National City was overloaded with high risk real estate and to make matters worse deployed a lot of capital to buybacks and acquisitions during the 'bubble," so the old shareholders are getting payback for irrational exuberance. This is bad for them, but good for you. In my view, along with several respected analysts' opinions this past week, NCC now will become a good bank vs. a bad bank.
It is now likely that National City will sell vagrant portfolio loans at a deep discount or by moving the loans held for sale and thus marking them to market. Before the bank turns a profit next year, the estimated book value of NCC now is $7.00 per share.

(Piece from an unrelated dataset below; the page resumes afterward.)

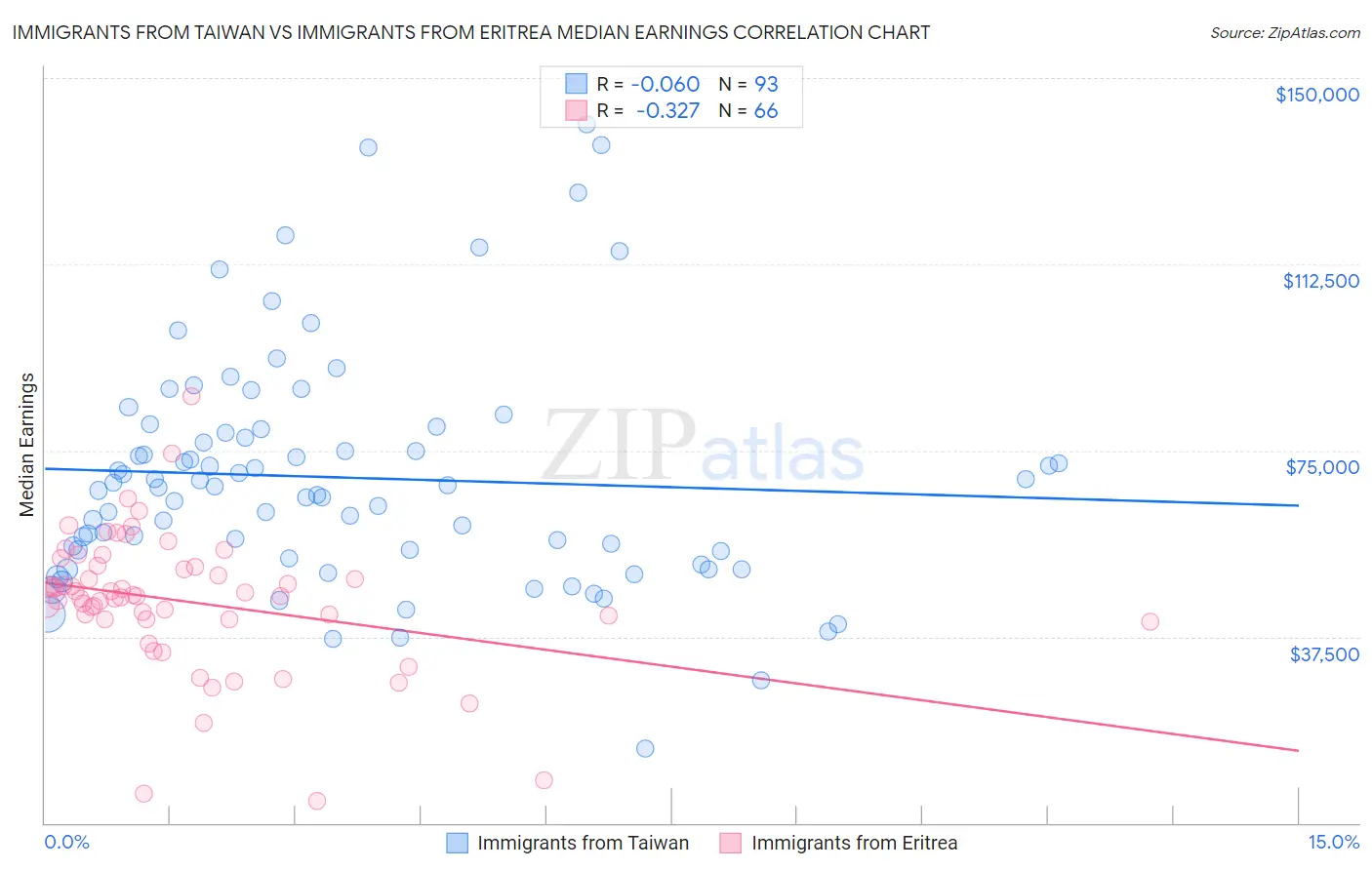 Immigrants from Taiwan vs Immigrants from Eritrea Median Earnings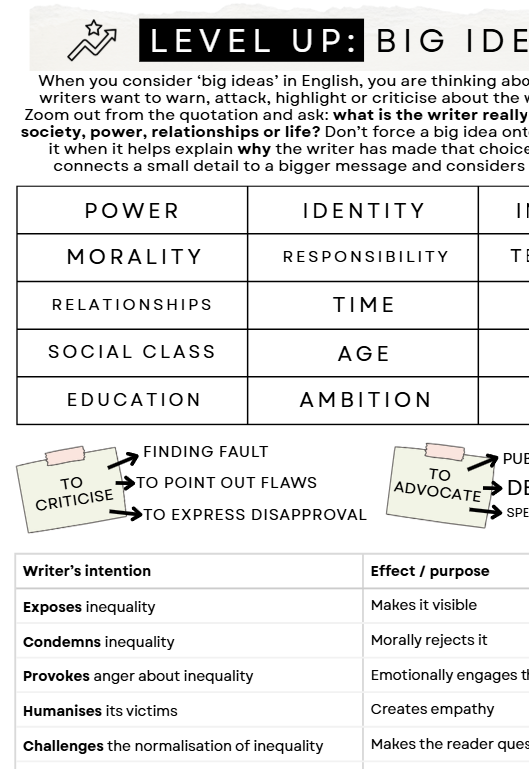 An educational poster titled 'LEVEL UP: BIG IDEAS' with a table listing words like power, identity, morality, relationships, social class, education, and ambition, plus two sticky-note style diagrams explaining 'To Criticise' and 'To Advocate'.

Earnings at NCC will hopefully come in at $0.40 per share in 2009, and $0.55 per share in 2010. At that time, NCC will roll on, putting the 2007/08 near collapse onto the ash heap of history.
National City Corporation is a financial holding company operating primarily in Ohio, Florida, Illinois, Indiana, Michigan, Kentucky, Missouri, Pennsylvania and Wisconsin, In addition, NCC operates 410 retail mortgage offices throughout the United States. Buying MidAmerica Savings in the Chicago region and Fidelity Bankshares of southeast Florida gave the bank some terrible loans, but also a large Hispanic footprint which will be an important building block for future market penetration in Latino communities.
Trading at $6.32 per share, and way below the 200-day average due to the dilution of shareholder value, I believe that the market has over compensated for NCC's near demise. The bad news is known, and the transparent manner of Nationl City's funding and flawed loan disposition leaves hardly a doubt that this company will rise up in relatively short order and reward new shareholders willing to forgo dividends common to financial stocks for the likelihood of substantial long term capital gains. Being traded almost like a penny stock on steroids with huge average daily volume over the past ten days, the price action may have bottomed from a 52-week high of $38.32 to a low reached April 23 of $5.87, which is concurrent with the news of the financial strategy of the company.
National City Corporation may suit the speculator who believes that all that could go wrong for NCC is, indeed, old news. National City Corporation's Series F Preferred [NCC+F] 9.875%, currently yielding 11%, may be a nice way to game NCC's comeback as well.
Disclosure: The author does not own NCC stock, but he does have a business relationship with the bank.